Biometrics, on the other hand, are inherently public, he argues. “I do know what your ear looks like, if I meet you, and I can take a high resolution photo of it from afar,” says Bedoya. “I know what your fingerprint looks like if we have a drink and you leave your fingerprints on the pint glass.” And that makes them easy to hack. Or track.
According to Mastercard, such concerns are not nearly as important to its customers as the promise of convenience, speed and ease of use. “[Biometrics] will be of great benefit to everyone: consumers, retailers and banks,” said Mark Barnett, President, Mastercard UK & Ireland. “It will make the purchase much smoother, and instead of having to remember passwords to authenticate, shoppers will have the chance to use a fingerprint or a picture of themselves.”
In other words, consumers will not have to use safer two-factor authentication — biometrics plus a PIN or password — if they don’t want to. Convenience is, as ever, the watchword. Card companies, banks and online retailers have good reason to prioritize speed and convenience. The quicker and easier the payment method, the more likely consumers are to complete the transaction. Compared to other methods, such as one-time SMS passwords, biometric authorization can decrease the “abandoned basket” rates by as much as 70%, according to the study.
VISA and it has just published a similar report claiming that consumers in India are equally keen to use biometrics for authentication. In this case a staggering 99% of the people surveyed said they are personally interested in using at least one biometric method to verify their identity. An equal number of participants — another staggering 99% — said they are interested in using at least one biometric method to make payments. VISA will no doubt be happy to oblige.

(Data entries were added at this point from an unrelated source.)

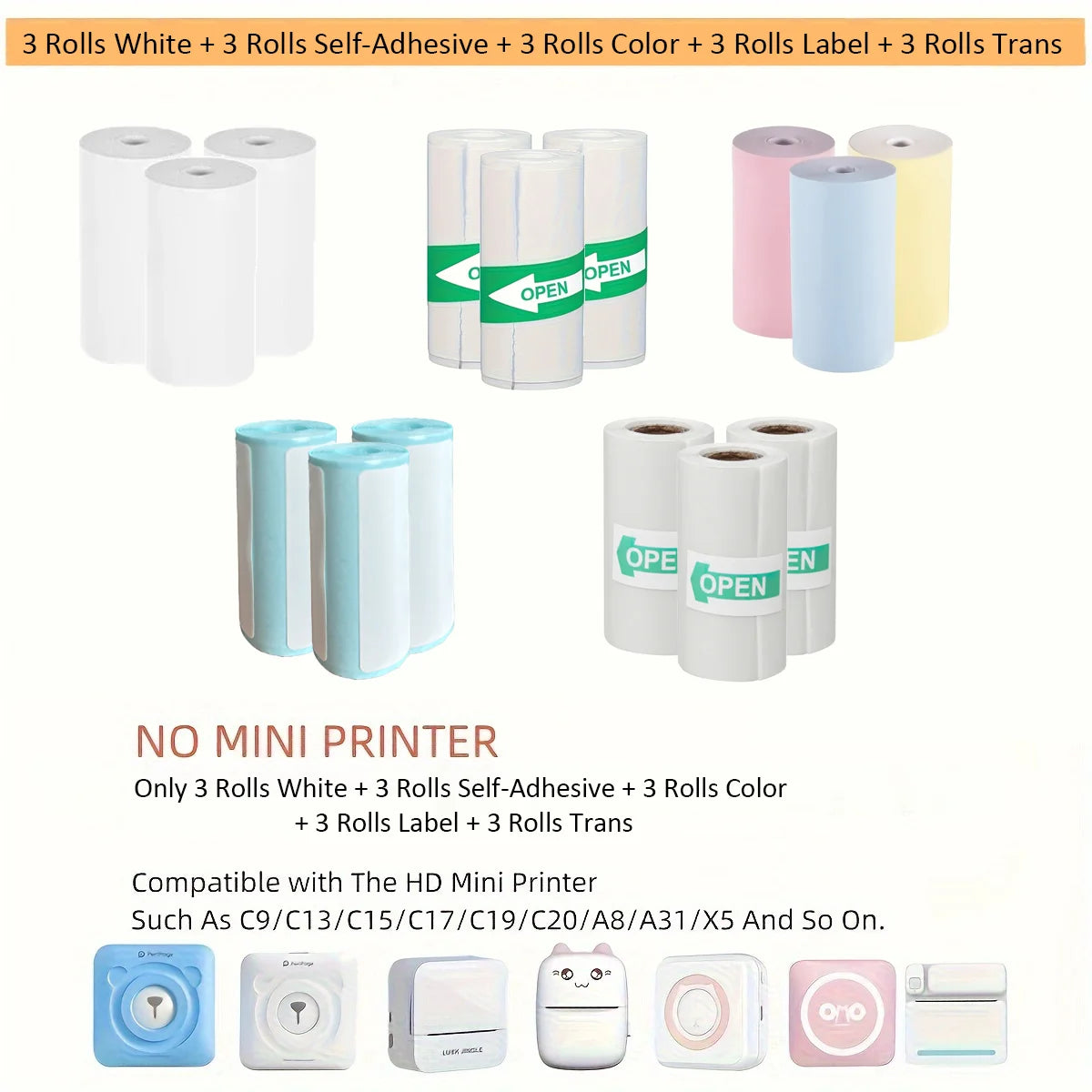 Colorful Adhesive Thermal Paper Rolls – Add Fun and Functionality to Your Mini Printer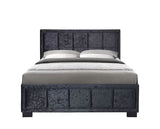 Hannover Small Double Bed - Black Crushed Velvet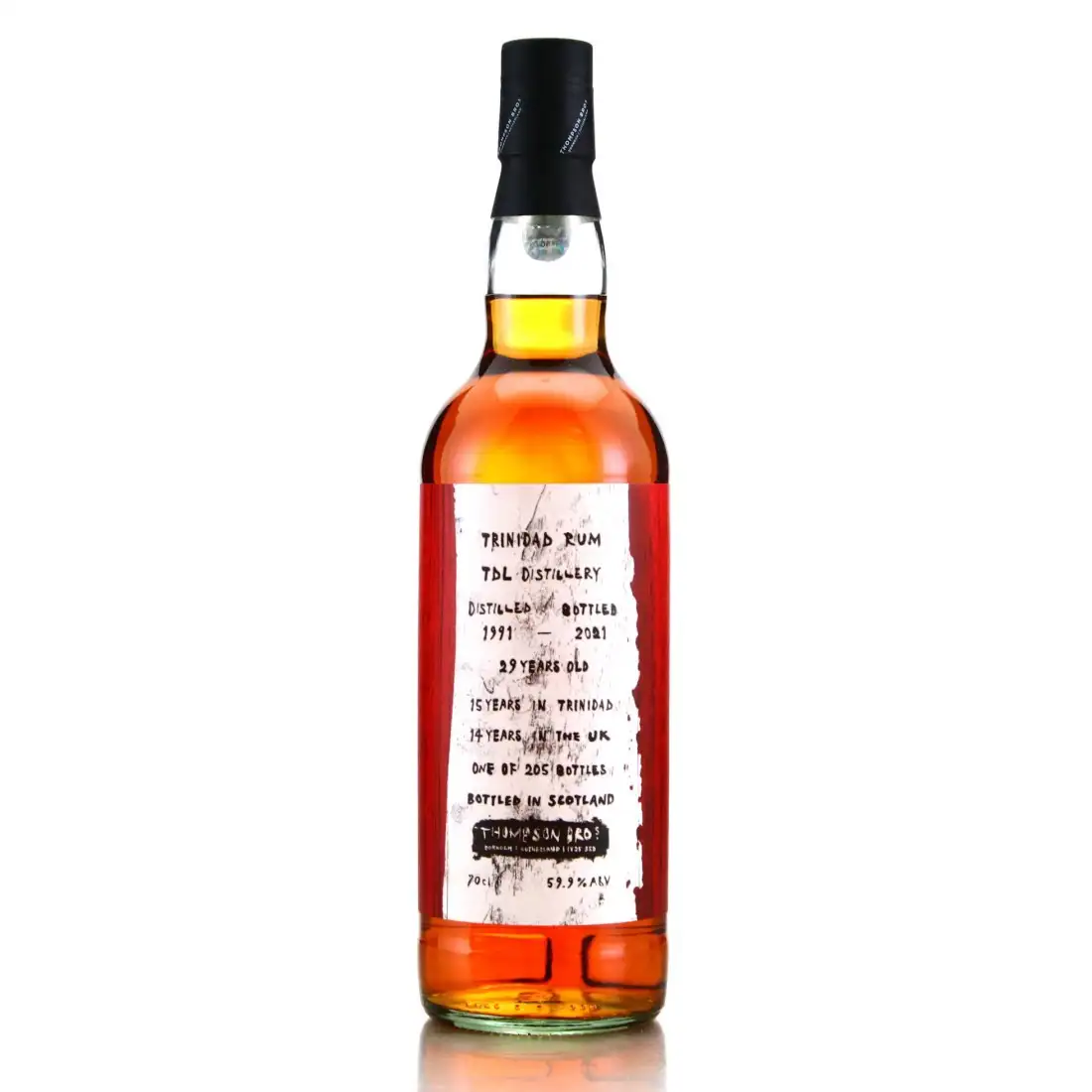 Bottle of Thompson Bros. T.D.L Trinidad Rum 1991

The roll-out of biometric-authenticated payments across Europe, in India, and in Mexico, is merely the latest example of the accelerating encroachment of biometrics into everyday life. Most national passports these days include biometric data. Driver licenses in the US (which serve as de facto ID cards) already have them or soon will. Meanwhile, millions — perhaps soon billions — of people have volunteered their digital fingerprints to log into their smartphones and other digital devices. In other words, people are already giving away their most private data to work, communicate, cross borders, or get on planes.
In China, where privacy concerns are given even less importance than in the U.S. or Europe., authorities have been collecting DNA samples, fingerprints, eye scans and blood types of millions of people in the province of Xinjiang, the only Chinese territory apart from Tibet where ethnic Han Chinese are not in the majority.

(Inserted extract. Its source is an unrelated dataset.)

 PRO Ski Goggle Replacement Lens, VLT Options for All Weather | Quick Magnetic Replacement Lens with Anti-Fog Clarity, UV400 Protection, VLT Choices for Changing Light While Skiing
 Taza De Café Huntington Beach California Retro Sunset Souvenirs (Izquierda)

In Macao Chinese gamblers taking out money from some ATMs have to look into a camera for six seconds so facial-recognition software can confirm their identity. “This is aimed at illicit outflows of capital from China,” Sean Norris, Asia Pacific managing director at Accuity in Singapore, told Bloomberg. “It’s aimed at people drawing out money in Macau, going to the casino, betting very little, getting forex from there and moving it.”

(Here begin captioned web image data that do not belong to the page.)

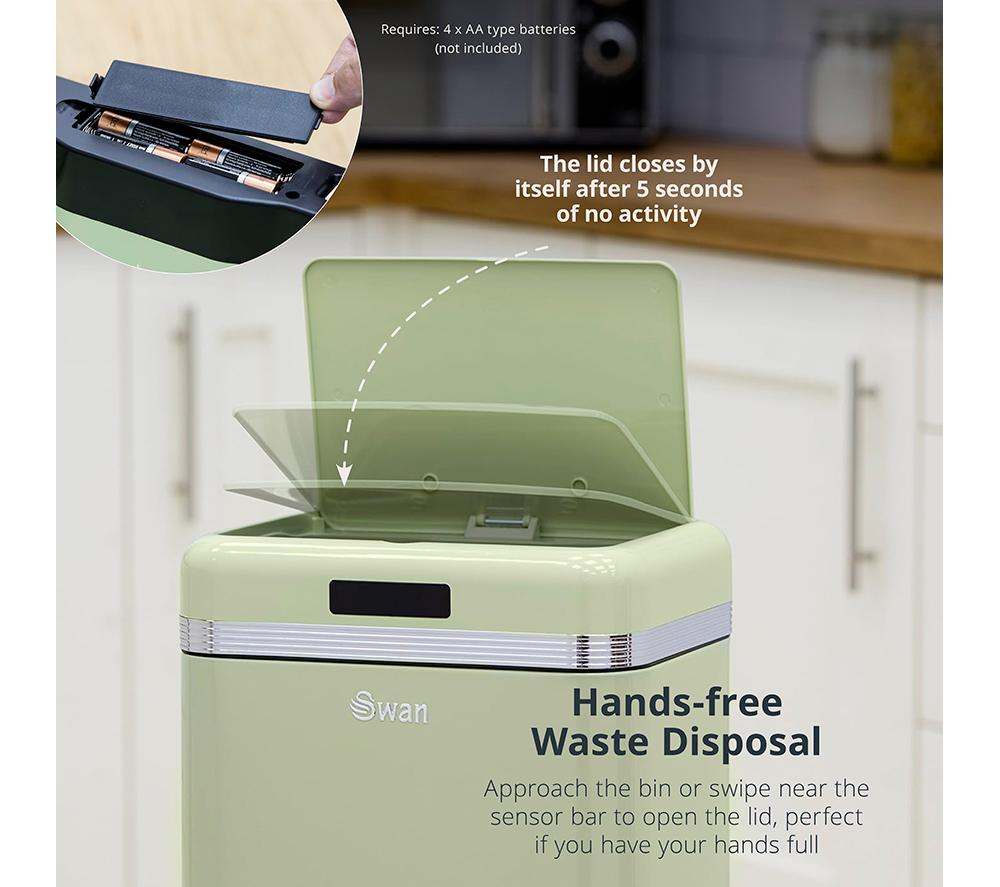 SWAN Retro 45-litre Rectangular Bin - Green image number 3 of 8
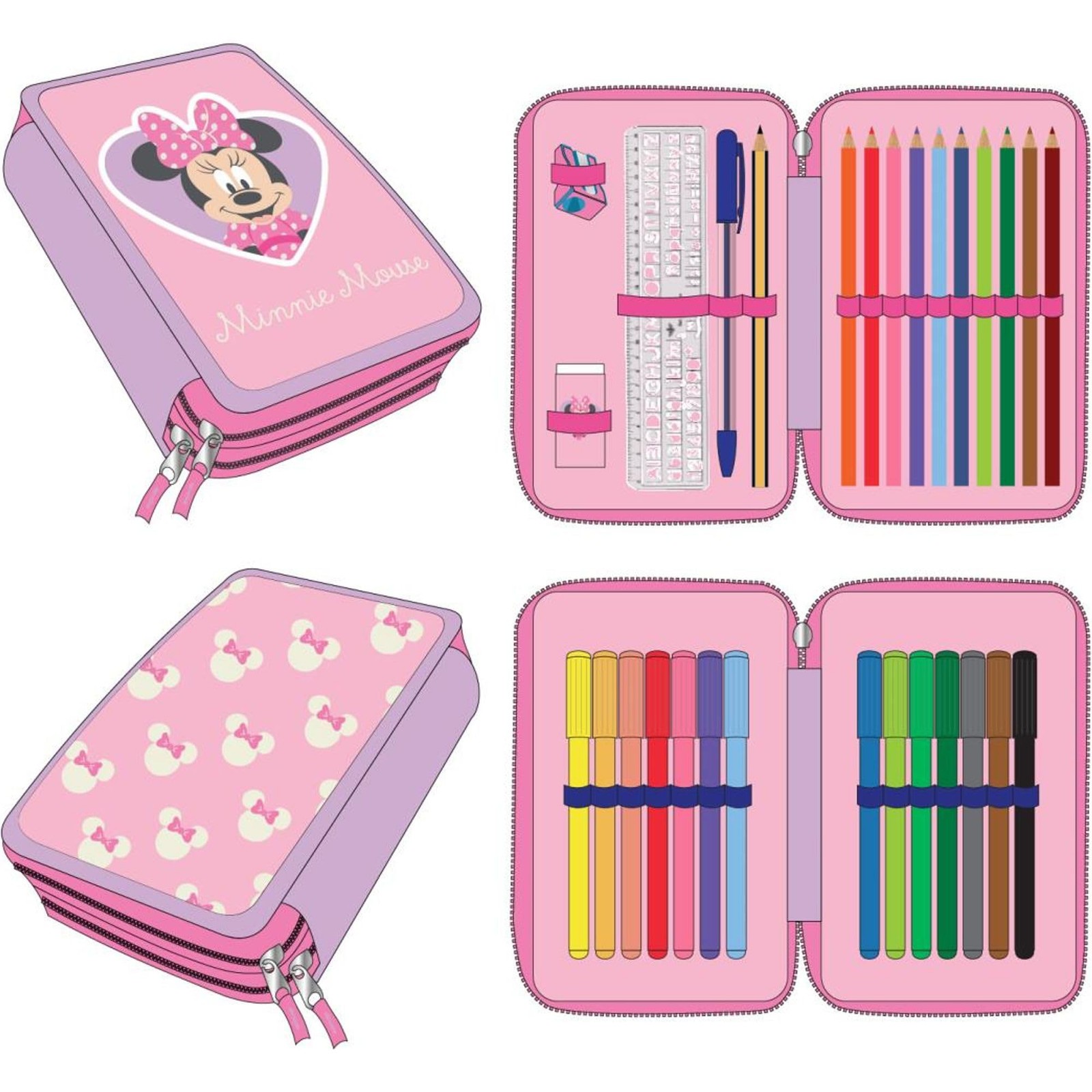 CERDÁ LIFE'S LITTLE MOMENTS Minnie Pencil Case with Accessories with Markers, Pe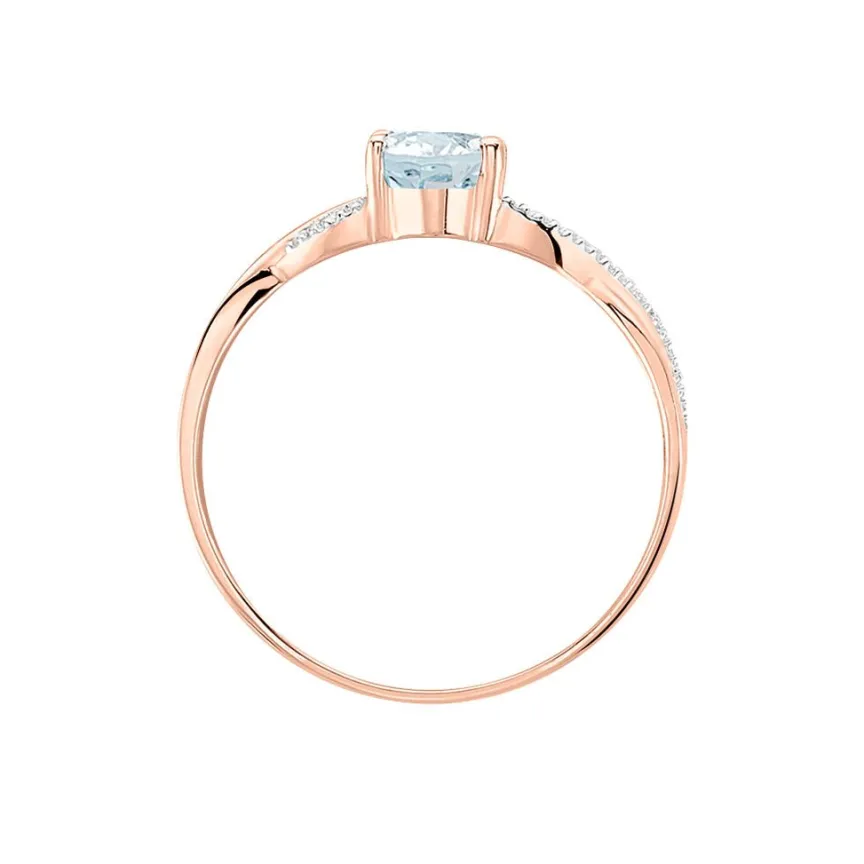 Bague Candice Or Rose Aigue Marine-Histoire d'Or New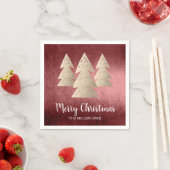 Eleganter moderner Gold- und Roter Weihnachtsbaum Serviette (Beispiel)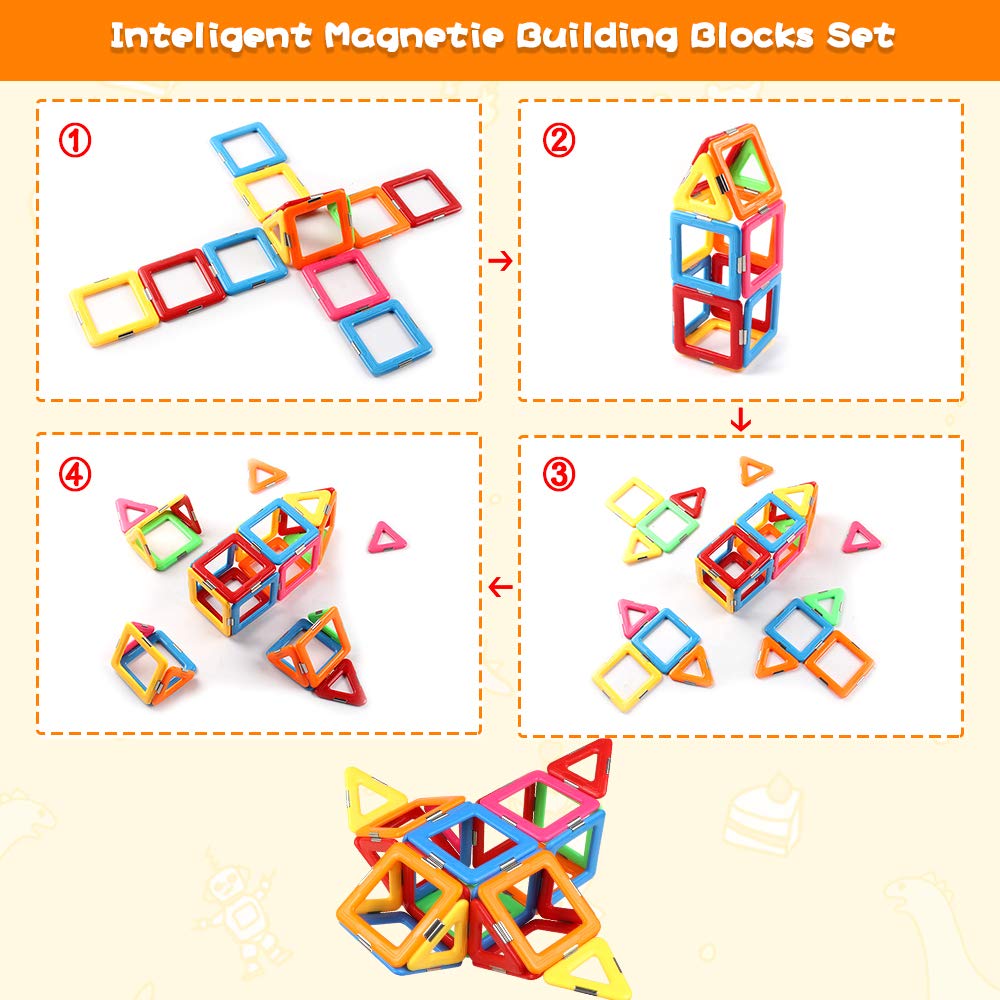 Coodoo Upgraded Magnetic Blocks Tough Tiles STEM Toys for 3+ Year Old Boys and Girls Learning by Playing Games for Toddlers Kids, Compatible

Throughout the Chinese mainland consumers hand over personal information to e-commerce, mobile payment and food-delivery apps on their smartphones without giving it a second thought. “They’re not well-educated about how privacy should be important to them,” said Simic Chan, a senior analyst at Fung Global Retail & Technology in Hong Kong. “They feel it’s a norm to have their data collected.”
While China may be leading the way in forcing biometric tracking on consumers, there’s a long trail of countries and companies not that far behind. And as Mastercard’s massive push into biometrics shows, it’s not just governments and technology firms wanting to use it. By Don Quijones.